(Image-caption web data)
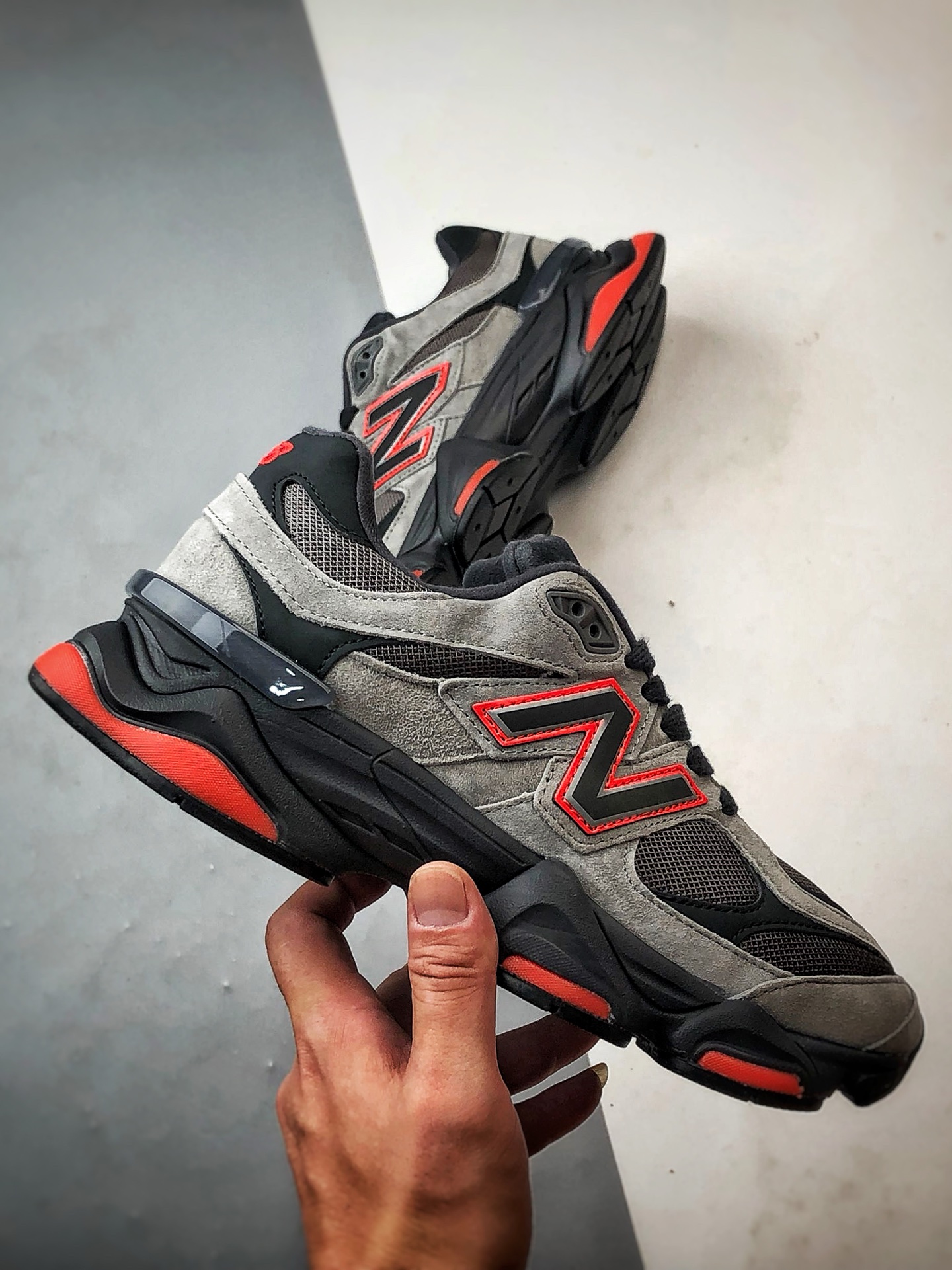 New Balance 9060 灰黑红 复古休闲运动老爹鞋 U9060JBO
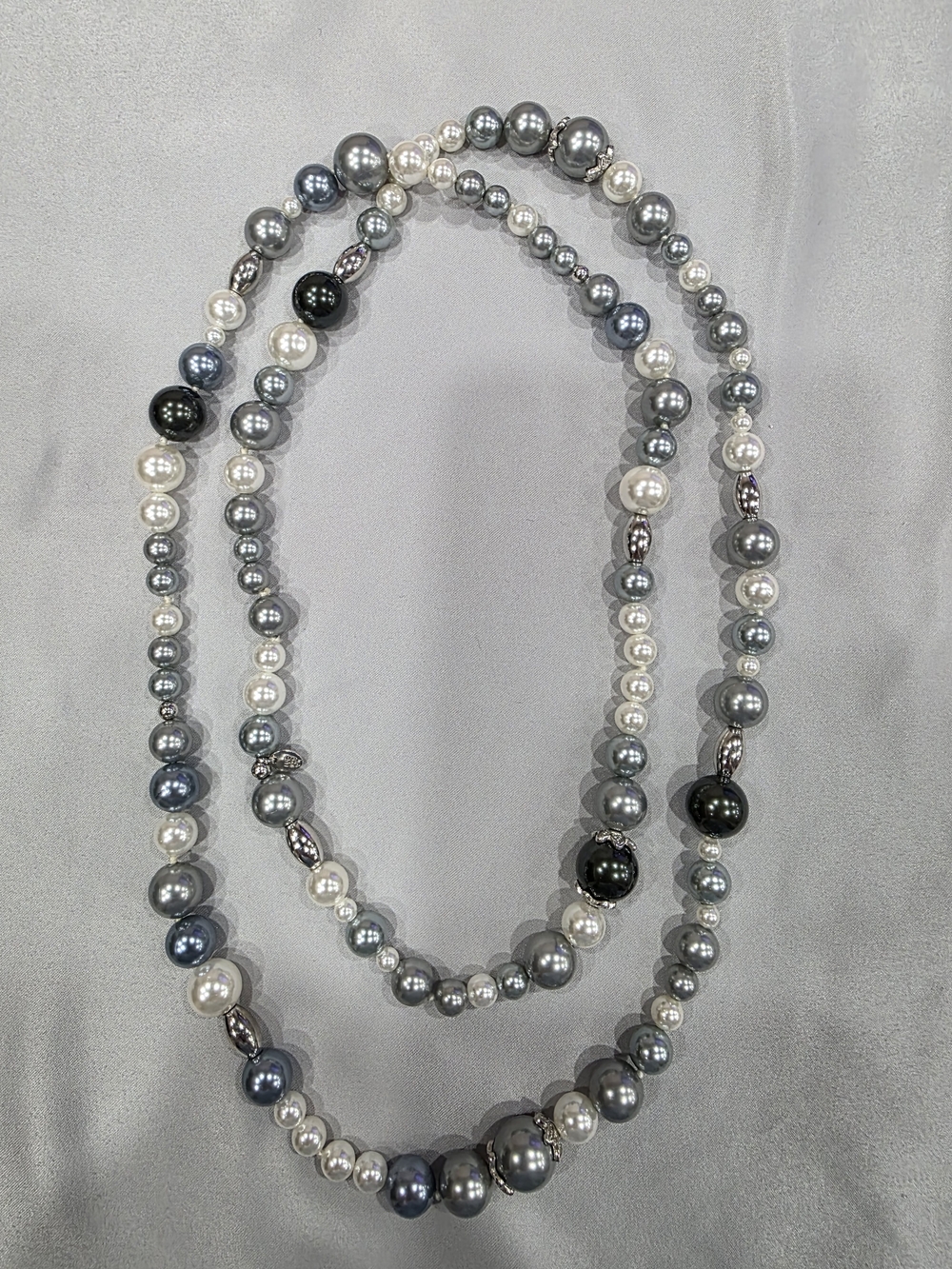 Long Strand Gray and White Pearl Necklace - Brand New
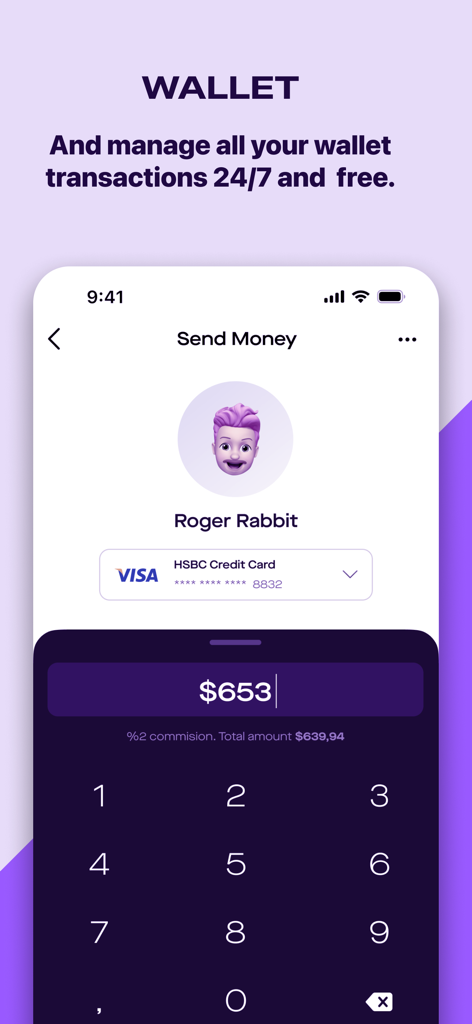 Mobile interface of the Kassa app showing a user sending money to a contact from their digital wallet.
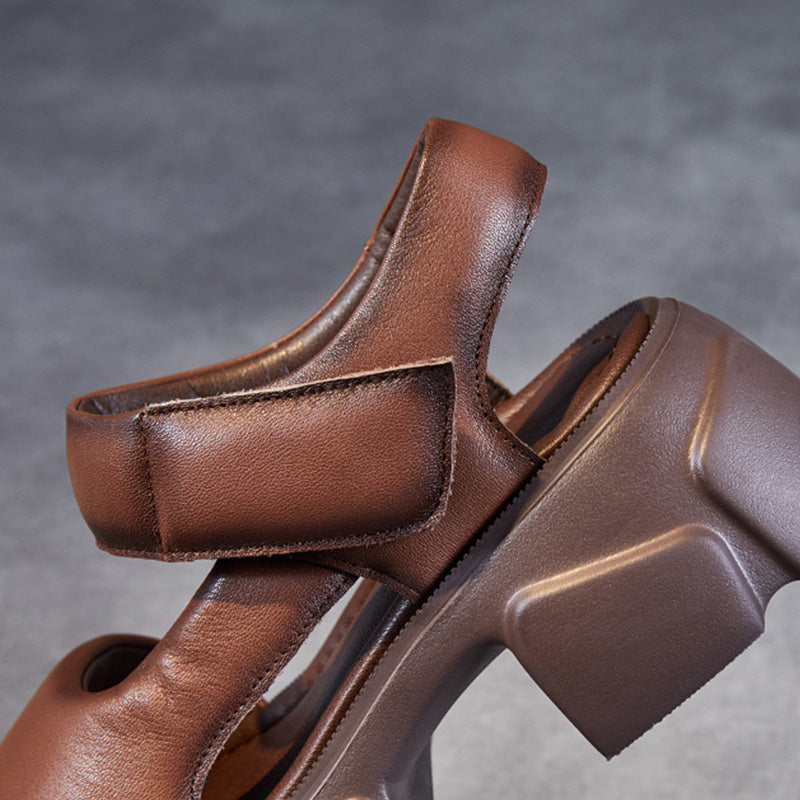 Women Summer Leather Casual Chunky Sole Sandals-RAIIFY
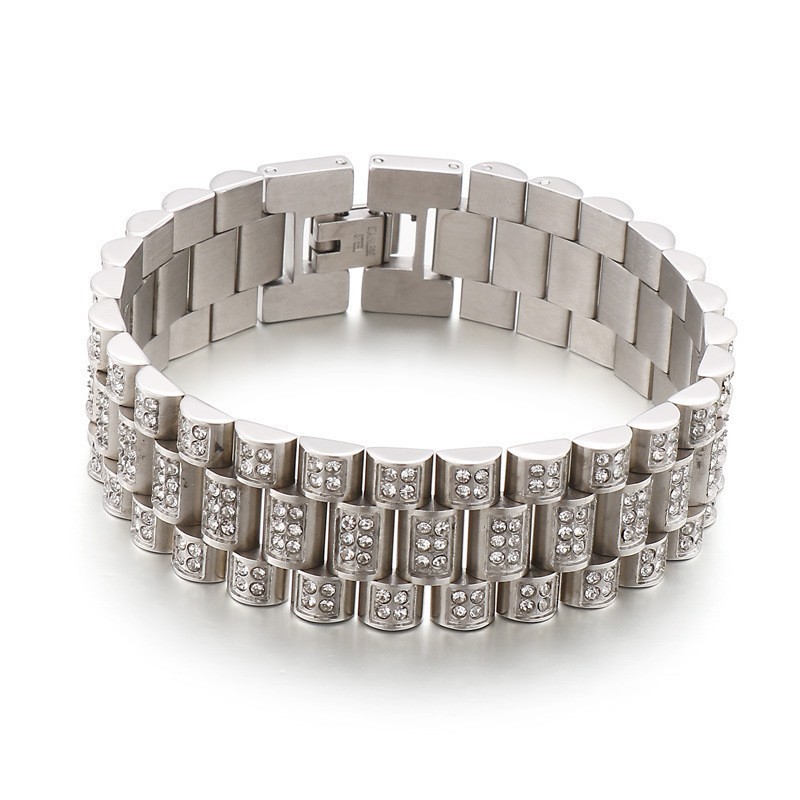 Bracelet Hip Hop En Titane Pour Homme Avec Diamants American Hiphop Tank
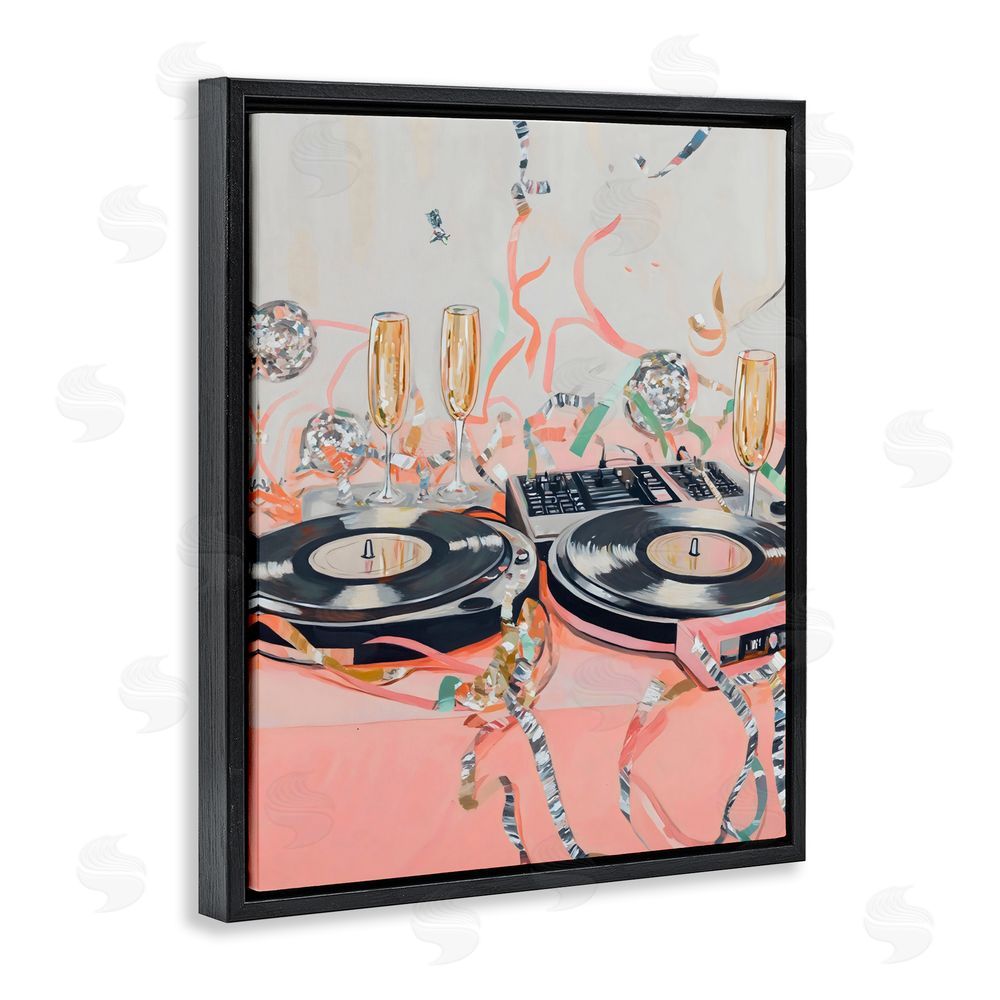 The Prints Vibe Retro Turntable & Champagne Party Black Floating Framed Canvas Wall Art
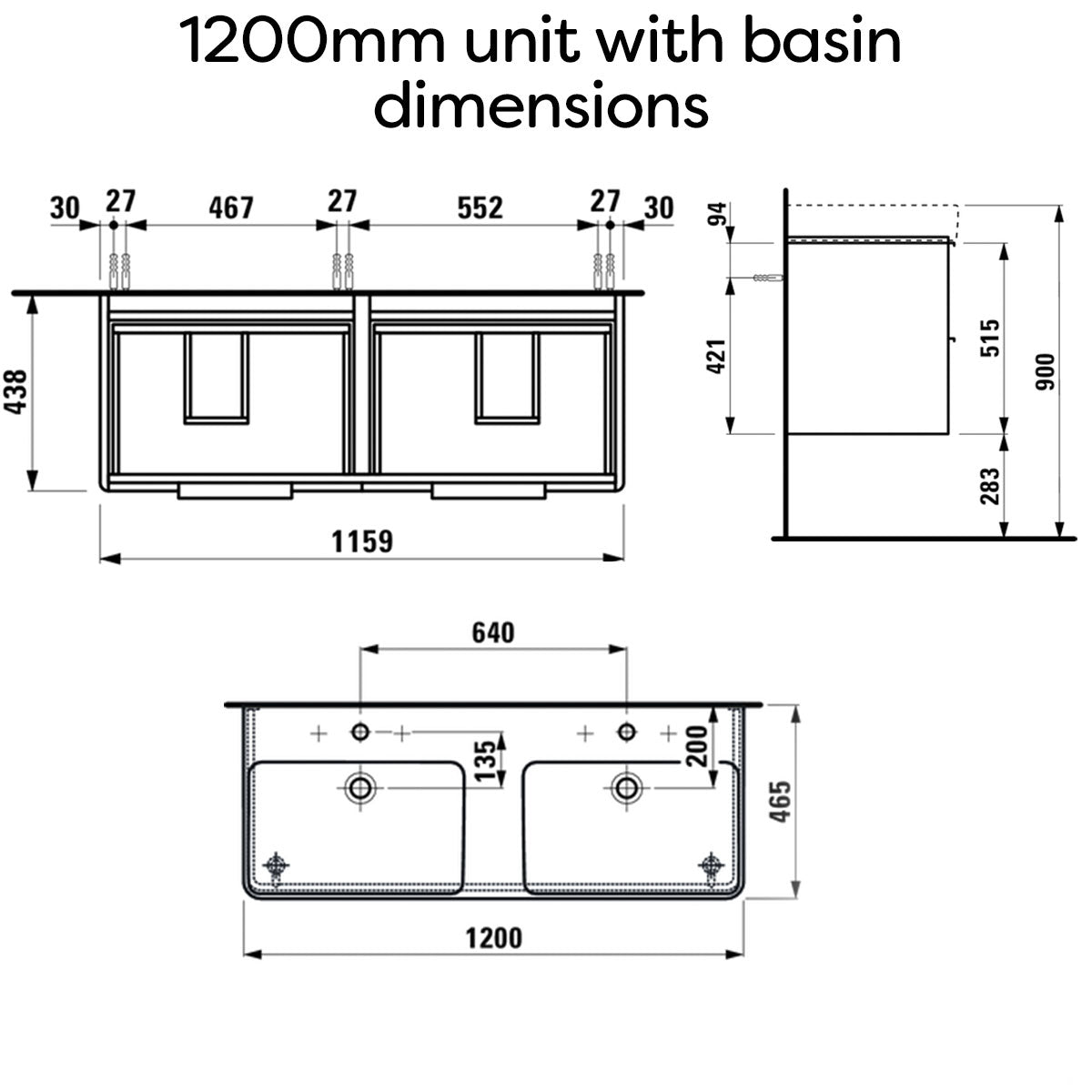 Laufen pro S Base 1200 Four Drawer Wall Hung Vanity Unit With Double Washbasin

- [Work order]: Only the pictures are to be left out, and all of the data must otherwise be transcribed exactly.

- [Answer to this task]:
 New Balance 9060 灰黑红 复古休闲运动老爹鞋 U9060JBO
 Long Strand Gray and White Pearl Necklace - Brand New
 Mobile interface of the Kassa app showing a user sending money to a contact from their digital wallet.
 Women Summer Leather Casual Chunky Sole Sandals-RAIIFY
 Bracelet Hip Hop En Titane Pour Homme Avec Diamants American Hiphop Tank
 The Prints Vibe Retro Turntable & Champagne Party Black Floating Framed Canvas Wall Art
 Laufen pro S Base 1200 Four Drawer Wall Hung Vanity Unit With Double Washbasin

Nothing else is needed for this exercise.